Ich war mal wieder weg. In Westafrika unterwegs mit Mann und Bus. Jetzt bin ich wieder "in the city" und überlege, wie ich meinen werten Lesern mein modernes Nomadentum am besten nahe bringe. Und während ich so nach Wissenswertem zu diesem Thema stöbere, stoße ich auf dreierlei:

1. eine Meldung aus dem Jahr 2008, dass Nomaden von ADHS profitieren;
2. eine spannende Ausstellung zum Thema, die ab November 2011 in Hamburg zu sehen sein wird;
3. die witzige Idee des Holländers Vincent van Dijk, der als moderner Stadtnomade jede Nacht in einem anderen Hotel in Amsterdam lebt. Von seinen Erlebnissen berichtet er unter www.amsterdamslaapt.nl.

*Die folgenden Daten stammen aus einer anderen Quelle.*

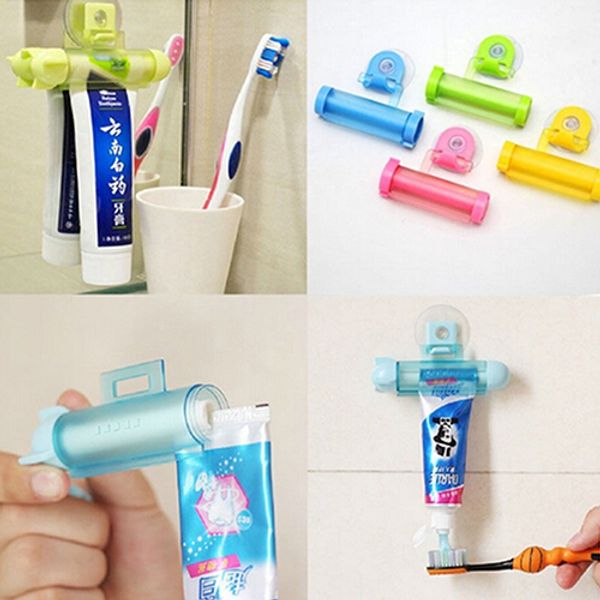 

wholesale- cute rolling squeezer toothpaste dispenser tube partner sucker hanging holder christmas gift 6lnk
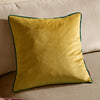 Plain Green Cushions - Meridian Velvet Cushion Cover Moss/Emerald Furn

Leider kann ich kein Holländisch, so dass ich wohl kaum zu den regelmäßigen Lesern der Hotelgeschichten aus der niederländischen Hauptstadt werde. Die Ausstellung will ich aber auf jeden Fall sehen – schon allein, weil auch die Begegnung mit Sesshaften thematisiert werden soll – und die Tatsache, dass diese ihre umherziehenden Mitmenschen oftmals als weniger gebildet betrachten. Tatsächlich erlebt auch der "moderne Nomade auf Zeit" immer wieder, dass ihm die Sesshaften mit einer gehörigen Portion Skepsis und Unverständnis begegnen.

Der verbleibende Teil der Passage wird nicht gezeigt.